I was undeniably gripped. Morgenstern flits from character to character, scene to scene, time zone to time zone, with a pace and a lightness of touch that is both impressive and breathless.
There are times when I found my brow knitting at her phrases, which occasionally leaned to far towards the general, the vague. Characters 'speak of other matters'... have 'something else to attend to'. It's gloriously polite and gentlemanly but with a twist of the exotic. [Morgenstern is from Massachusetts, perhaps that shows a little. Her London is an American's London.] It's a sort of literary burlesque. The women wear corsets and fabulous gowns. They strut and perform remarkable feats -- turn books into birds or tell the future -- and men fall in love with them. Men wearing fine grey suits and hats. (Love those Victorians for their hats.)

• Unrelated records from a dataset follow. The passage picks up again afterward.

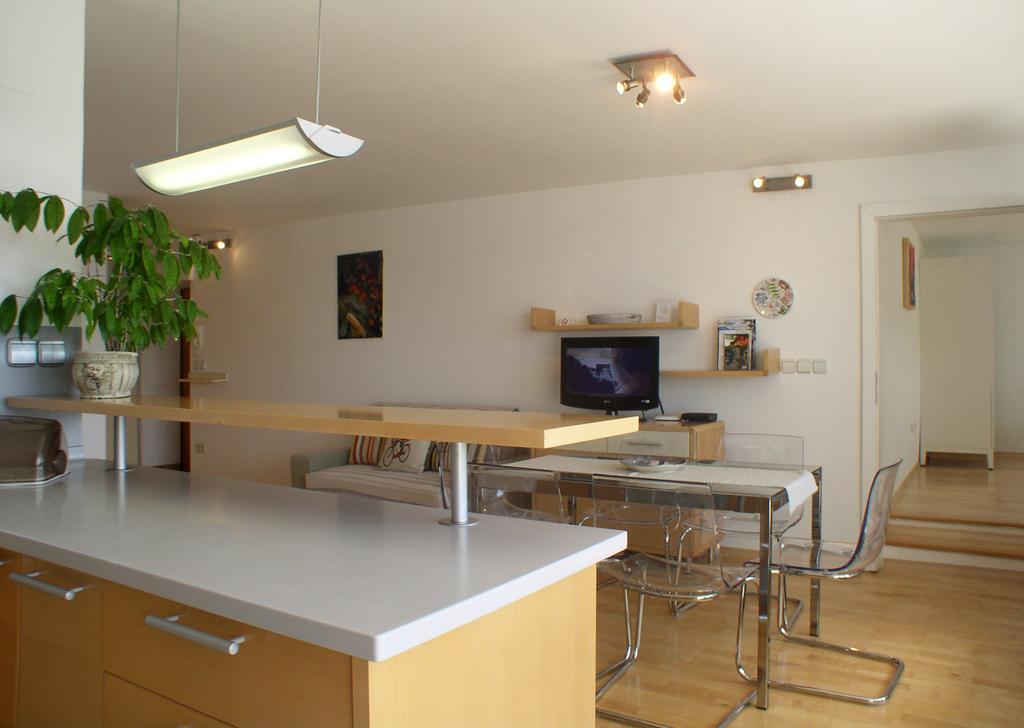 Charming Terrace Apartments Ana And Maria Tour As 류블랴나 객실 사진
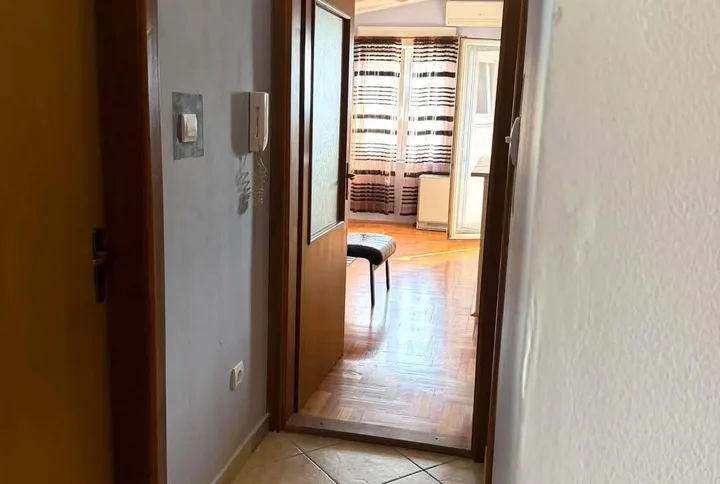 IZDAJE SE DVOSOBAN STAN – STARI AERODROM, PODGORICA - slika 10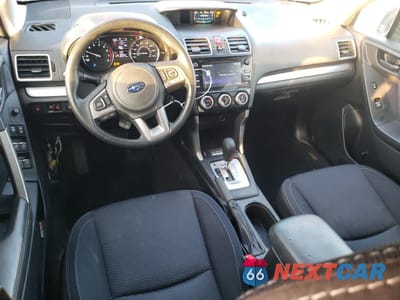 Zdjęcie 8 z 16 samochodu: 2018 SUBARU FORESTER 2.5I PREMIUM VIN:JF2SJAGC3JH469437 - miniatura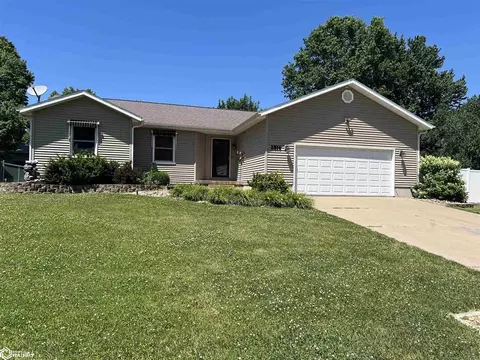 2816 Lesylvia St, Burlington, IA 52601
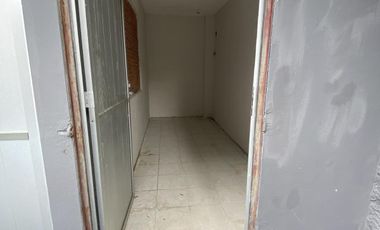 Venta de Casa de 2 niveles y 3 recámaras en Prol. Miguel Hidalgo, Col. Benito Juárez Norte, Coatzacoalcos, Ver.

The Night Circus is a glamorous, fantastical creation. The perfect circus, unfettered by the laws of gravity or science, where you can walk on clouds and see the impossible. If the book has a fault it is that it relies too much on its inner logic. We are asked to believe that two magicians must joust -- performing feats of magic in opposition to one another -- until a clear winner is declared and the other is killed. Why? Because that is the magical contract... But why couldn't they break it? They just couldn't, you see. That is what is at stake, one of them must die.
You'll either go with that. Or you won't.

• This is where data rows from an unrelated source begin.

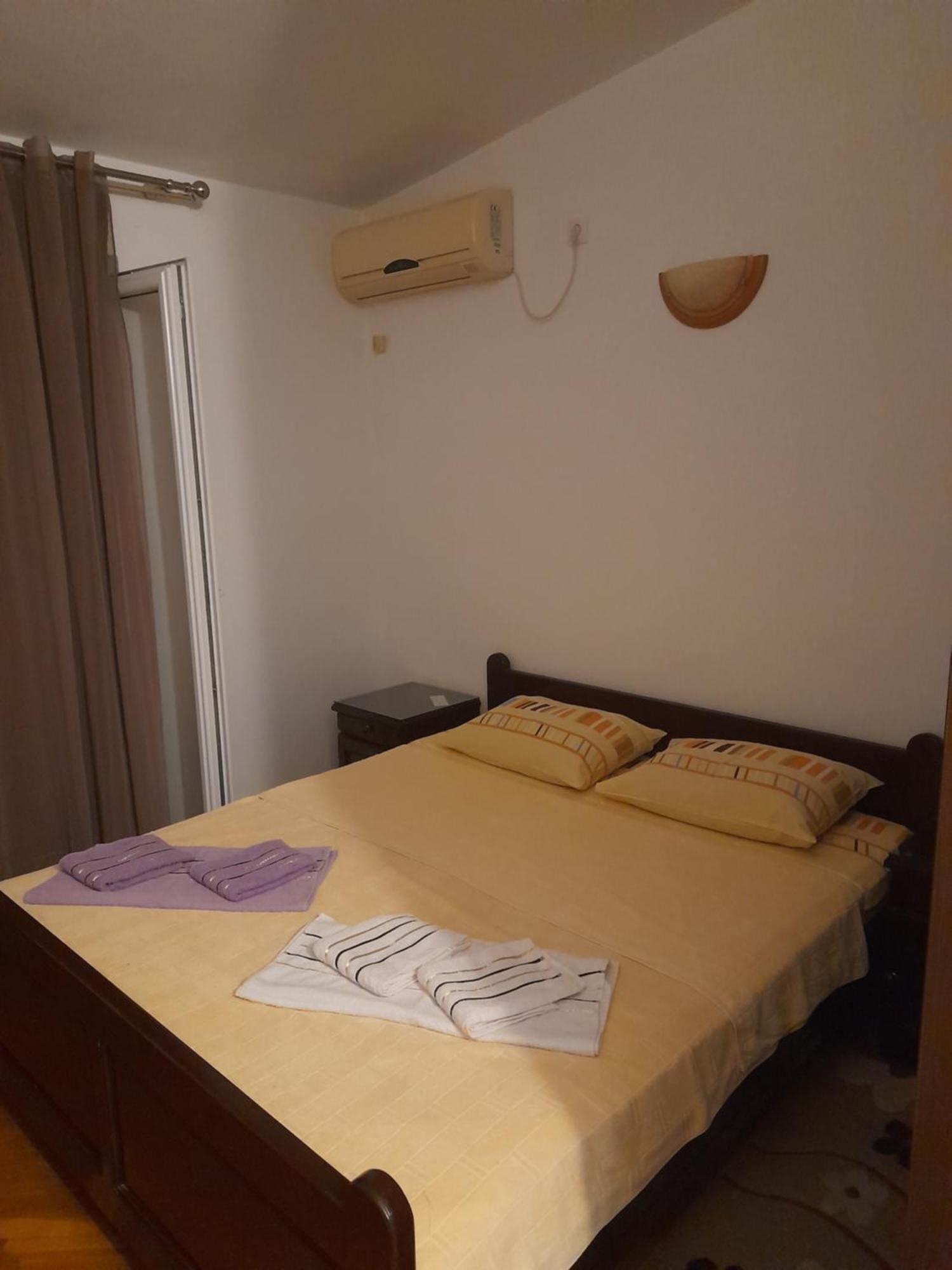 Apartments Kovacevic Petrovac na moru Zimmer foto
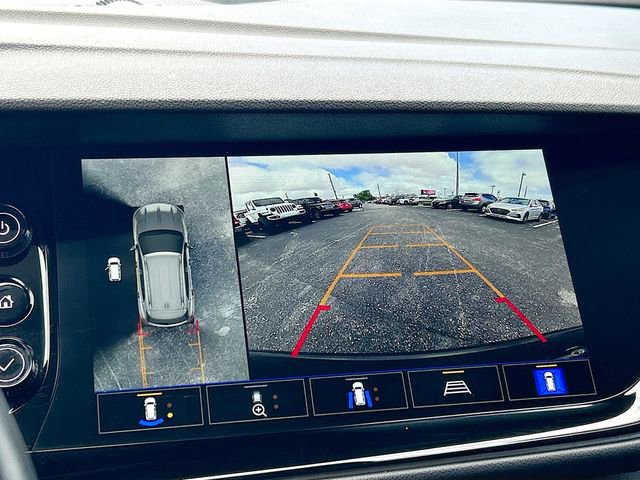 Used 2022 Buick Envision Avenir w/ Technology Package II FWD image 11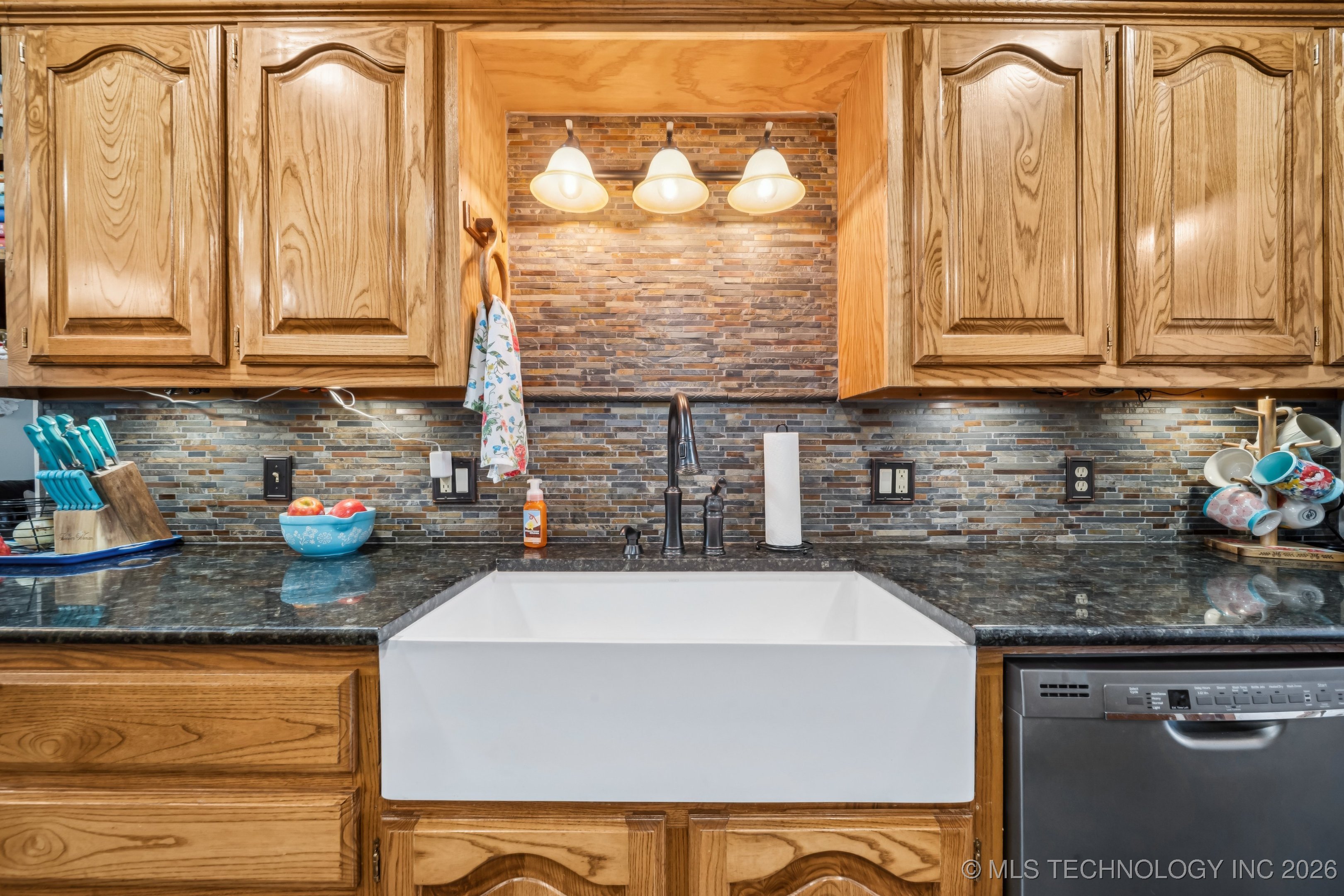 2207 Fieldstone Court Property Photo 12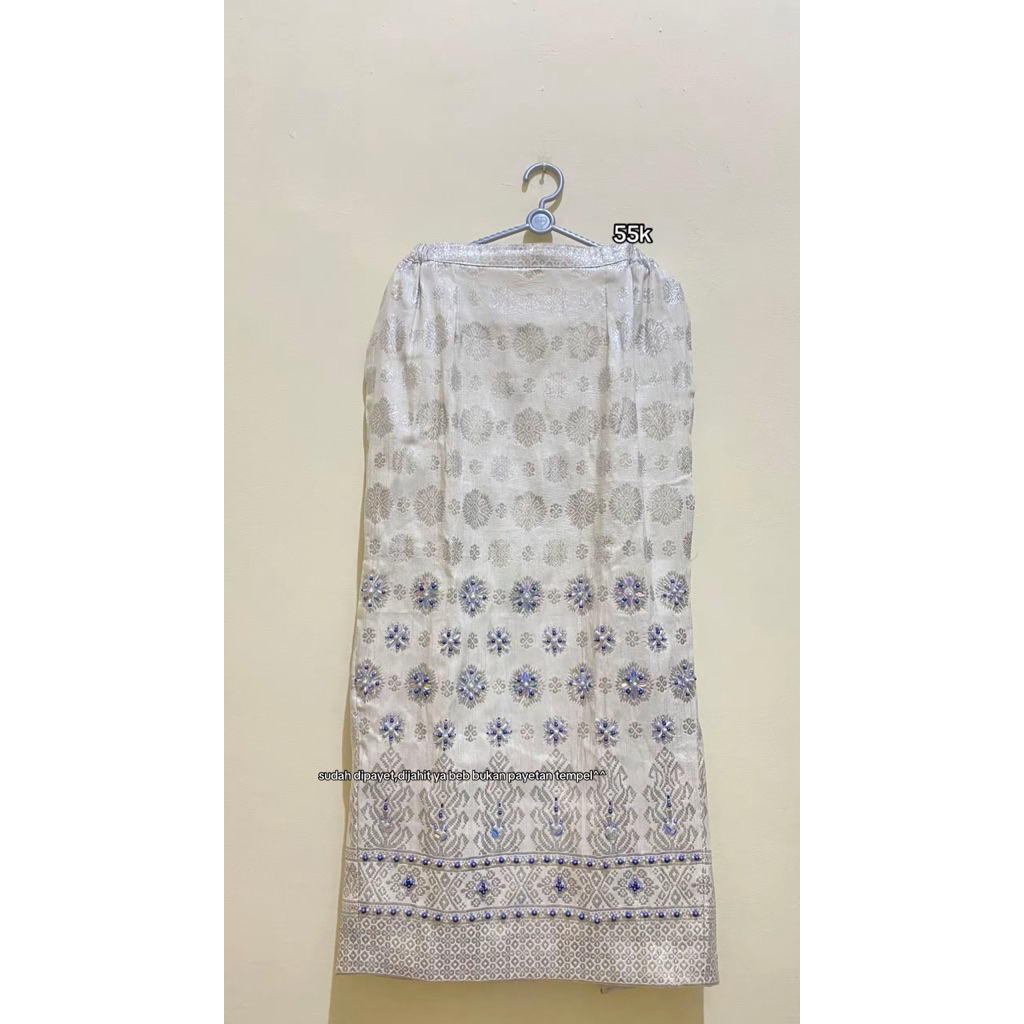 rok songket sudah berpayet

It is in the same territory as Susanna Clarke's Jonathan Strange and Mr Norrell. But without the heavy, fauz 19th Century novel prose.
Morgenstern paints a wonderful picture of The Night Circus and she had me utterly absorbed if not completely convinced with her contest. Structurally this is a complex novel that asks you to pay attention, to sit up straight -- though in the end, I felt, it was not so complex. Where I thought there was a labyrinth was actually a simple enough pathway. She essentially uses two time frames to tell the story of Celia Bowen and Marco on the one hand, and of Bailey on the other. Bailey is by far the smaller of the stories, in a sense really just an important cameo -- and actually he is just one cameo among many. These cameos add to the sense of mystery...where is this leading, who is he, why, her? Ultimately though, this is Celia and Marco's story. A love story, in a Circus. What are you waiting for?
PS, it will make lovely television. Or perhaps a film.
The Night Circus is out in paperback on May 24. It has been nominated for both the 2012 Orange Prize and the Guardian first book award.